Beyond a handsome face and perfect body, Frankie Ferraro has few assets, but that doesn't stop him from having big ambitions. Young and romantic, he finds the life led by his immigrant father, his adoring mother, his hard-working sister, by his entire extended family, to be ordinary, and dull. He wants no part of it. Full of vague longings and what seem to him to be hopeless dreams, he yearns to be different: assured and stylish instead of gauche; and rich, not in a gaudy, flamboyant way but with the soft sheen of old money like his army-buddy and best-friend, Dan Colvington. Above all, Frankie yearns for true love, though not if offered by any neighborhood girl. Only a woman who can help turn his dreams into reality has a chance of winning his heart.
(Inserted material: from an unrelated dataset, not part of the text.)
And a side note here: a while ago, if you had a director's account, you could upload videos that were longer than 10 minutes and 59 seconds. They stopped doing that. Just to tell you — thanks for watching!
With Dan as his model, Frankie transforms himself. He learns what fork to use, what clothes to wear, what books to read. He refuses to join his father's rag-trade business to set out on his own, buying a health-club franchise. He even marries a relative of  Dan's, the beautiful and troubled Miranda.

Luckier in money than in love, Frankie turns this one club into an east-coast sensation, the talk of Manhattan, and the base of a business empire. But his marriage to Miranda ends tragically; and, though determined not to make the same mistake again, he does with the demanding Lady Annabel; and might yet a third time with the spoiled and frivolous Kelly.
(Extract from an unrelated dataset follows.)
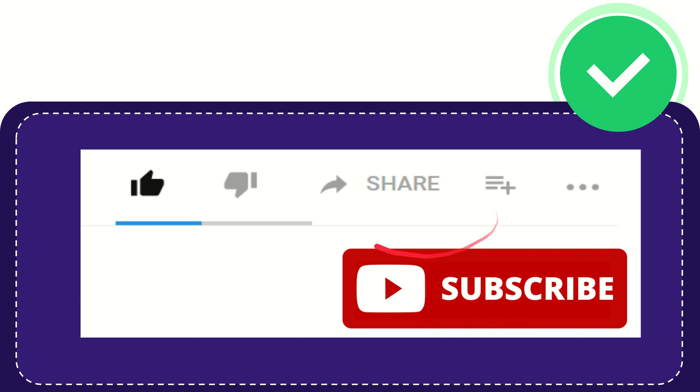I think that's all. Thank you so much for watching this video. See you again in another video. Bye-bye!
Like a knight of old, the hero of this engaging and heart-felt novel must fight his way past all his dragons—anger, arrogance, and, above all, bad judgment—before he can find his one true love in the last place he expected her to be.

Excerpt from Chapter One

     If Frankie had ever seen a Botticelli, he would have thought Miranda reminded him of one. As it was, she reminded him of nothing so much as Walt Disney's Cinderella. She could have stepped out of Frankie's dreams. Her hair was yellow, soft curls escaping from the tortoiseshell clip fastened to the crown of her head. Her eyes were a brilliant blue fringed by long lashes darkened with mascara. It was the only makeup she wore. Her nose was short and straight, her mouth full. Lovely bare shoulders swelled out of the ruffles of a white dress that fell in soft flounces to her calves. The long, delicate fingers of her small hands were tipped with pale pink polish, as were the toes exposed in white sandals. Her ears were the most beautiful ears Frankie had ever seen, set close to her head, small, perfect, like seashells, he thought.
     "Looks like you're not the only one with a cousin in Provincetown," said Dan to Frankie. "A cousin by divorce and remarriage, anyway. Miranda Payson, Frankie Ferraro."
     "Hello," said Miranda, extending a hand.
     "I love you," said Frankie as he took it. She laughed, a little embarrassed, a little pleased by his open admiration. "Marry me," he said.